Prototype 1 de l'Eco-Village © CDS

Prototype 1 de l'Eco-Village © CDS

En 2012, CDS était l’un des 17 vainqueurs (sur 495 candidatures) de l’African Diaspora Marketplace (ADM II) Business Plan, un concours s’adressant aux entrepreneurs, basé aux États-Unis. Entre 2013 et 2015, elle a construit 12 unités d’habitation écologiques et abordables, réparties dans deux quartiers de Port Harcourt. Quatre d’entre elles appartiennent au gouvernement nigérian. « La vie des huit familles [38 personnes] qui y vivent s’est améliorée ; désormais, elles habitent dans des logements décents où ils ont accès à de l’eau propre, de meilleures conditions d’hygiène et des sources d’énergie renouvelable. Elles vivent dignement et c’est ça le plus important », souligne Ohajuruka.

L’entreprise travaille actuellement à la construction d’un nouveau lotissement résidentiel, comprenant près de 40 logements dont des studios et des maisons avec une ou deux chambres. L’année dernière, le ministre du Logement nigérian, Babatunde Fashola, a souligné que de nombreux facteurs limitent l’accès à la propriété dans le pays. Parmi eux, le prix élevé des terrains à bâtir, le manque de financements, les taux d’intérêt exorbitants, les coûts importants des matériaux et de la construction ainsi que les délais d’attente pour l’obtention des titres fonciers.

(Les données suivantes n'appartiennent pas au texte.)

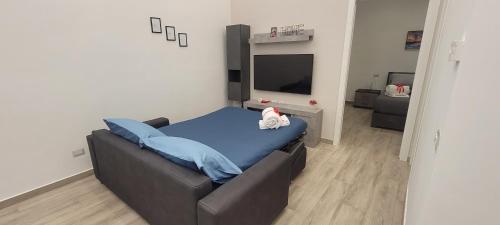 a bedroom with a bed with a blue blanket at Erre Home in Naples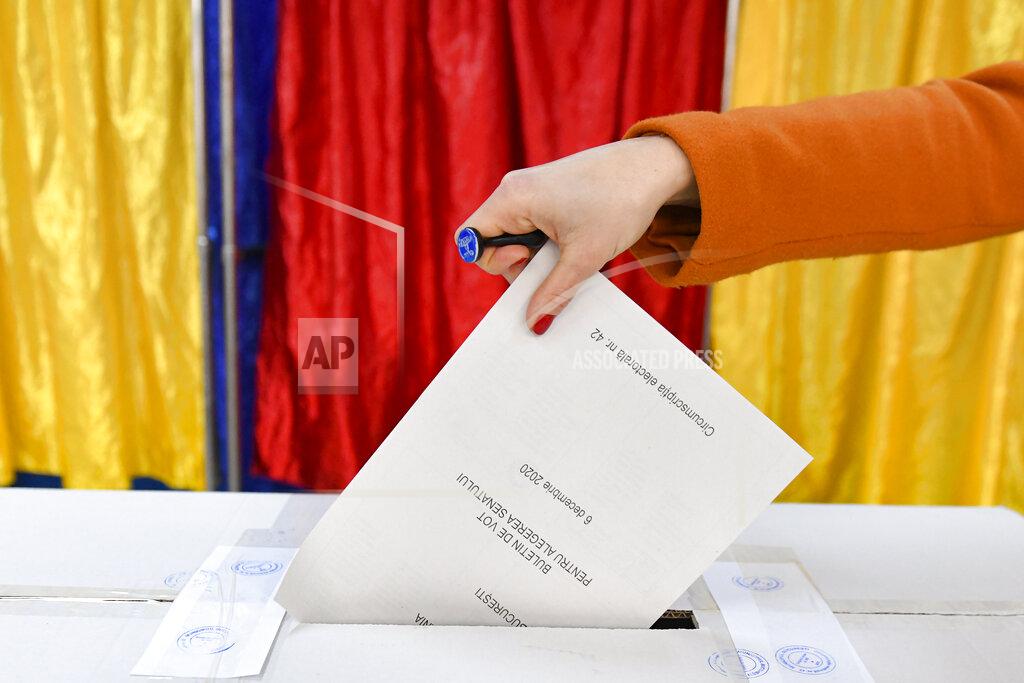 Andreea Alexandru A woman casts her vote in Bucharest, Romania, Sunday, Dec. 6, 2020. Voting started in Romania's legislative election expected to restore some measure of stability after five years of political and social turbulence with more than 18 million Romanians registered to vote for a new legislative body. (AP Photo/Andreea Alexandru)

Nous essayons d’améliorer les conditions de vie des Nigérians

Selon Ohajuruka, peu de promoteurs immobiliers souhaitent investir dans des logements abordables, à cause des marges bénéficiaires serrées. « Nous avons remarqué qu’il y avait un besoin spécifique et avons trouvé un moyen de construire des logements de bonne qualité rapidement, à moindre coût et dans le respect de l’environnement », assure-t-elle.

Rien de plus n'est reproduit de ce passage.